However, it is a catch-22 for the commercial motorist who fails to bribe a traffic police at checkpoint. He will first be incriminated, then asked to see a senior officer cooling off somewhere under the tree for remedy. The senior officer’s price is higher and non-negotiable. He threatens the commercial motorist with an arrest and or physical harm. He is not ready to reason with the incriminated suspect for the fact that he has some passengers waiting in the bus. He keeps the motorist until he is willing to pay the N1000 minimum price for violating no extant law.

These and many more police excesses at checkpoints are violations of human rights and legal provisions of the country. It is also a breach of the ethics of the Nigeria Police Force and as such compromises the purpose for which the agency is created. Police officers are expected to refuse any gifts, presents, favors, or promises that could be interpreted as seeking to cause the officer to refrain from performing official responsibilities honestly and within the law.
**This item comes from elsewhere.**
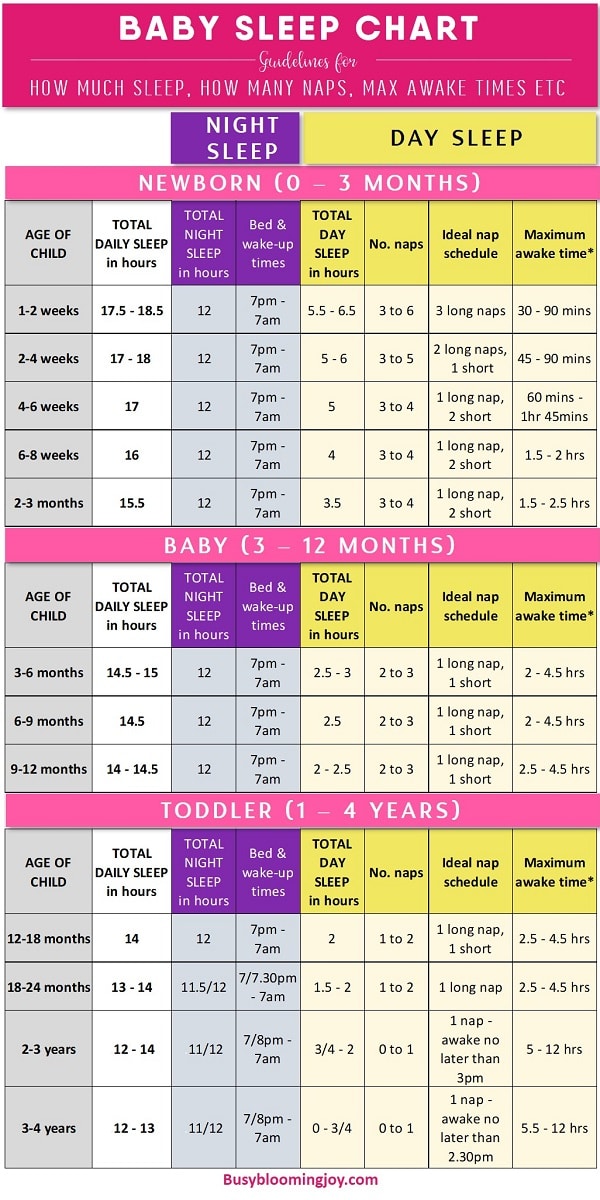 Baby Sleep Chart - Guide to baby sleep needs
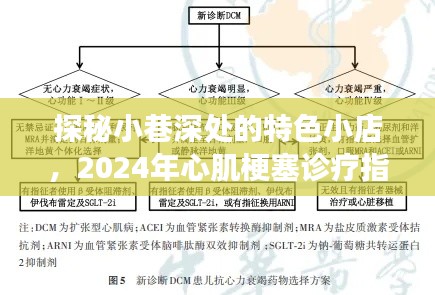 探秘小巷特色小店與心肌梗塞診療指南獨(dú)家解讀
But the reverse is the case in Nigeria.

Virtually every road user in Nigeria has experienced one form of police misconduct or the other. It is disheartening to note that police abuse and corruption have become a routine experience of everyday life of commercial motorists, since they are the most frequent users of the road and high ways. They have lost hope in this institution designed to give them hope. Those charged with the responsibility of police oversight, discipline, and reform have for a long time failed to curtail their excesses and menace, thereby reinforcing impunity on the part of most police officers.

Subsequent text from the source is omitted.